Exercise details:
Transcribe the listing below exactly, leaving out each image.

Dataset excerpt:
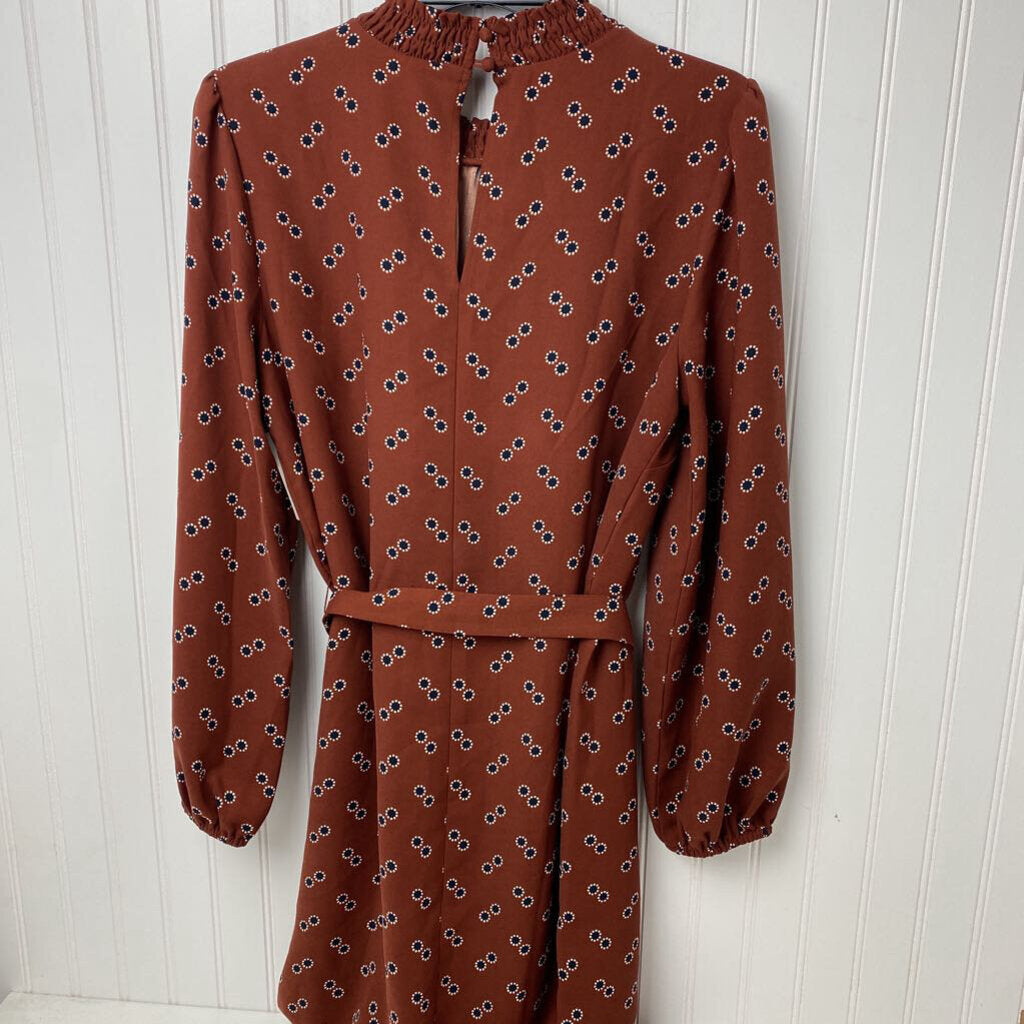 LONG SLEEVED HIGH NECK DRESS
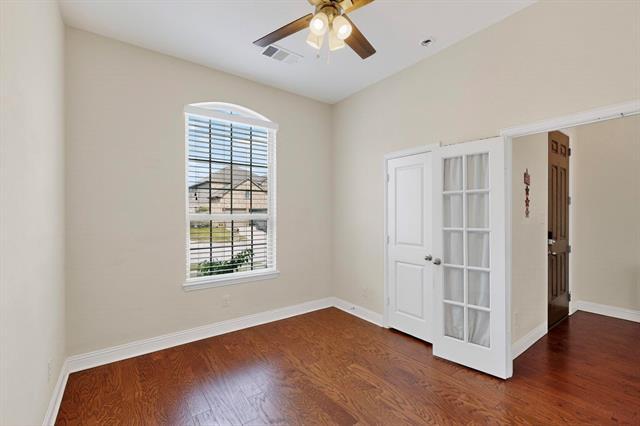 Building Photo - 1009 Mesa Crest Dr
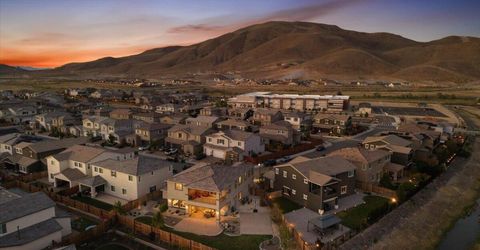 9329 Skyracer Drive, Reno, NV 89521 Photo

Solved exercise:
 LONG SLEEVED HIGH NECK DRESS
 Building Photo - 1009 Mesa Crest Dr
 9329 Skyracer Drive, Reno, NV 89521 Photo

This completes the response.